TASK DIRECTIONS → Give the entries again exactly; drop the pictures.

[EXERCISE INPUTS — start]

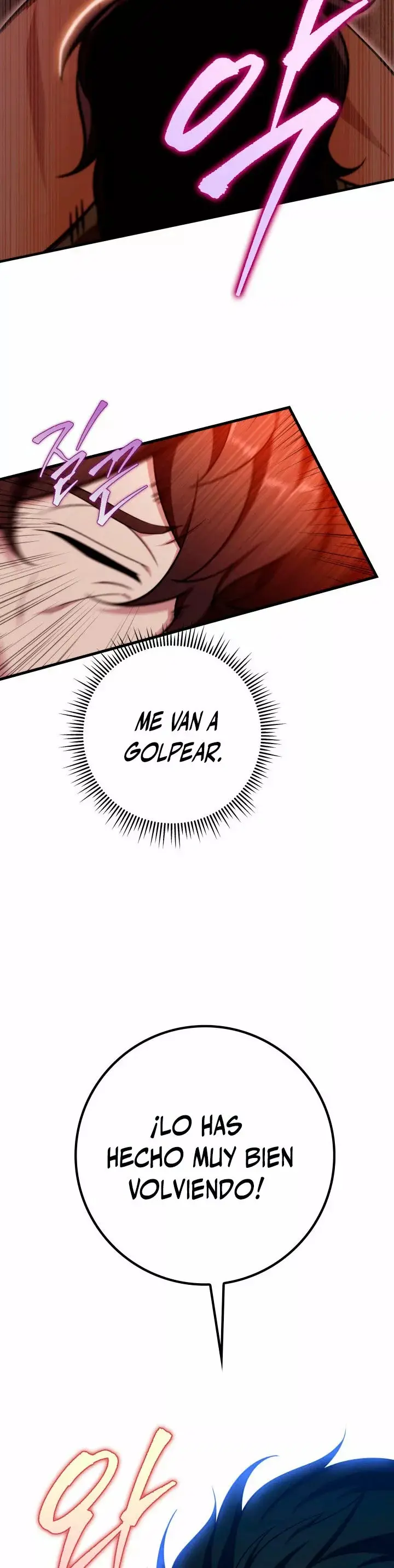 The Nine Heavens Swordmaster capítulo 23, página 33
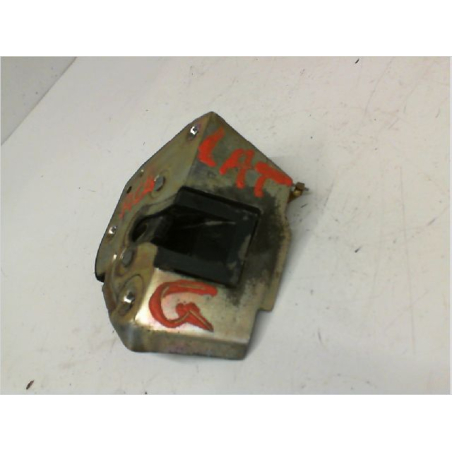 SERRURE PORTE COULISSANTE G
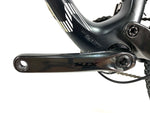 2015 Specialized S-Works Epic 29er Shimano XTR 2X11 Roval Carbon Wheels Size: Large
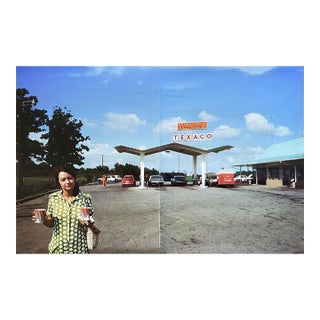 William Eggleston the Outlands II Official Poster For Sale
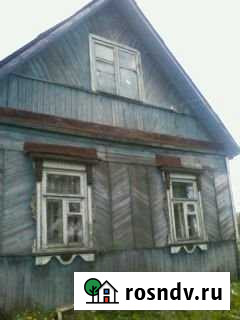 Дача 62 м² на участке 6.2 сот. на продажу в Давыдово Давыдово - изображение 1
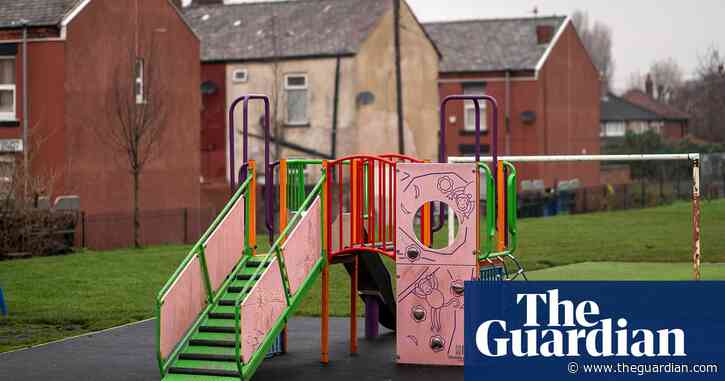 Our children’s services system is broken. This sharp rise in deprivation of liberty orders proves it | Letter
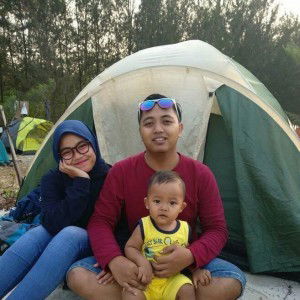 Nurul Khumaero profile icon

[EXERCISE INPUTS — finish]

ANSWER TO THE PROBLEM →
 The Nine Heavens Swordmaster capítulo 23, página 33
 SERRURE PORTE COULISSANTE G
 2015 Specialized S-Works Epic 29er Shimano XTR 2X11 Roval Carbon Wheels Size: Large
 William Eggleston the Outlands II Official Poster For Sale
 Дача 62 м² на участке 6.2 сот. на продажу в Давыдово Давыдово - изображение 1
 Our children’s services system is broken. This sharp rise in deprivation of liberty orders proves it | Letter
 Nurul Khumaero profile icon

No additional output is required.